Maksud dari kalimat “diatur dengan undang-undang” artinya pajak dan pungutan lain tersebut harus menjadi pokok pembahasan dan biasanya menjadi judul undang-undang secara khusus, sebagai contoh Undang-Undang Harmonisasi Peraturan Perpajakan atau Undang-Undang Bea Meterai. Berbeda dengan UU Nomor 15 Tahun 2023 yang membahas pokok tentang Provinsi Bali secara keseluruhan. Pada Pasal 8 ayat (3) UU No. 15 Tahun 2023 menyebutkan bahwa Pemerintah Provinsi Bali dapat memperoleh sumber pendanaan yang berasal dari pungutan bagi wisatawan asing dan kontribusi dari sumber lain yang sah dan tidak mengikat. Jika dilihat dari legal drafting hukum, maka pasal ini berarti pajak dan pungutan lain “diatur dalam undang-undang” bukan diatur dengan undang-undang.
Simpulan
Pemerintah Indonesia dirasa perlu mengeluarkan Undang-Undang yang khusus terkait dengan pungutan bagi Wisatawan Asing, agar daerah-daerah lain seperti Mandalika (Nusa Tenggara Barat), Labuan Bajo (Nusa Tenggara Timur), Danau Toba (Sumatera Utara), Candi Borobudur (Jawa Tengah), atau daerah wisata lainnya juga dapat menerapkan kebijakan tersebut. Mengingat potensi penerimaan dari pungutan Wisatawan Asing yang besar sejalan dengan jumlah Wisatawan Asing yang kian bertambah. Menurut Badan Pusat Statistik (BPS) terdapat 927.746 Wisatawan Asing yang berkunjung ke Indonesia di Bulan Januari 2024 dan meningkat pada Bulan Februari 2024 terdapat 1.036.037 Wisatawan Asing.

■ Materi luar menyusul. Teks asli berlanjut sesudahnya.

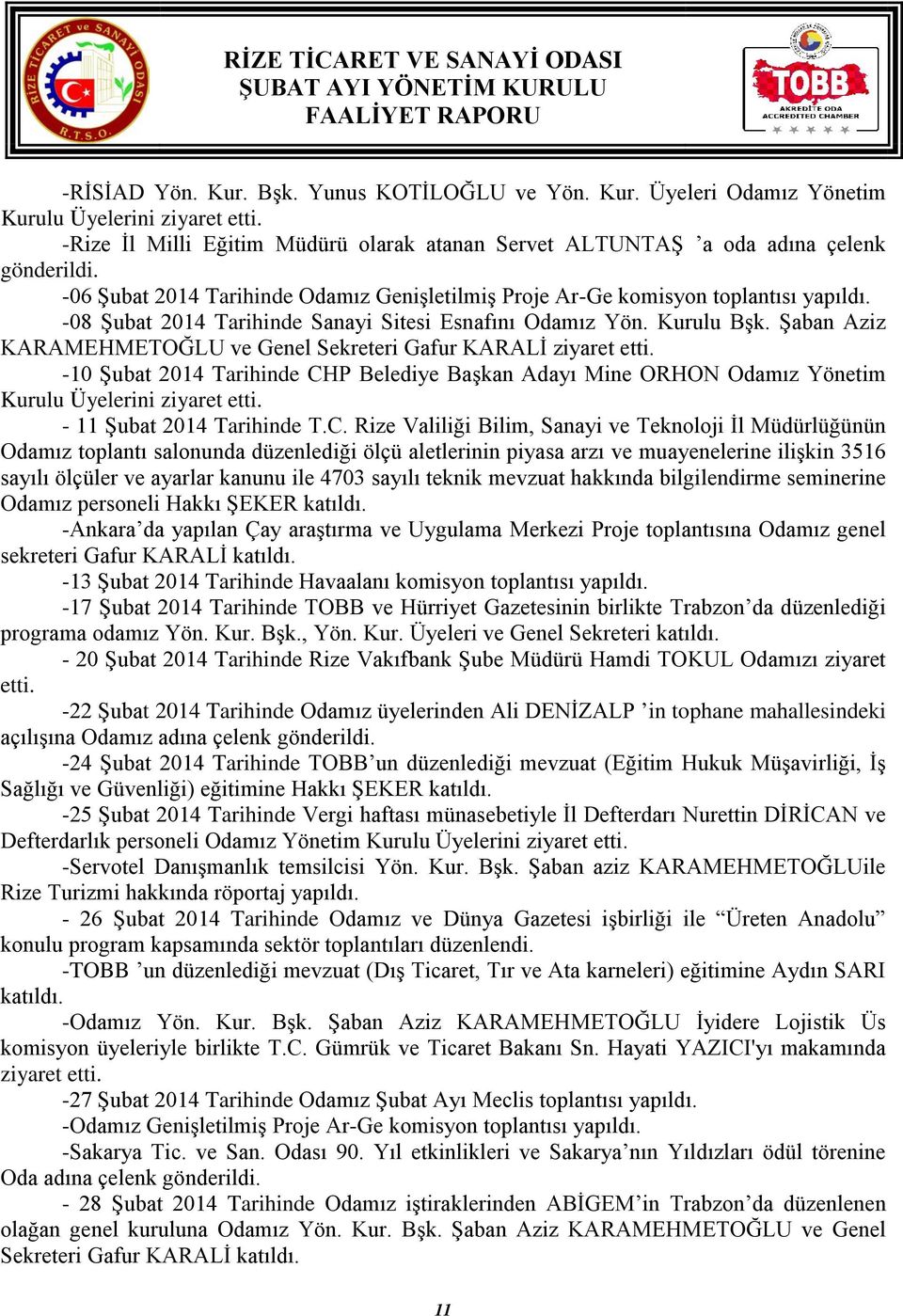 Şaban Aziz KARAMEHMETOĞLU ve Genel Sekreteri Gafur KARALİ ziyaret etti. -10 Şubat 2014 Tarihinde CHP Belediye Başkan Adayı Mine ORHON Odamız Yönetim Kurulu Üyelerini ziyaret etti.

Untuk memaksimalkan manfaat dan meminimalisir dampak negatif Pajak Turis di Indonesia, diperlukan langkah-langkah yang hati-hati dan cermat dengan melakukan evaluasi berkala terhadap efektivitas dan dampak Pajak Turis terhadap industri pariwisata, lingkungan, dan masyarakat lokal. Pemerintah juga perlu meningkatkan kualitas infrastruktur dan pelayanan untuk tetap menarik Wisatawan Asing. Hal ini sejalan dengan Kementerian Pariwisata dan Ekonomi Kreatif yang meluncurkan Indeks Pembangunan Kepariwisataan Nasional (IPKN) yang bertujuan untuk meningkatkan pentingnya pembangunan ekosistem kepariwisataan yang tangguh dan berkelanjutan di Indonesia sehingga dapat meningkatkan peringkat global pada Travel and Tourism Development Index (TTDI).
*)Artikel ini merupakan pendapat pribadi penulis dan bukan cerminan sikap atau pendapat instansi dan organisasi manapun.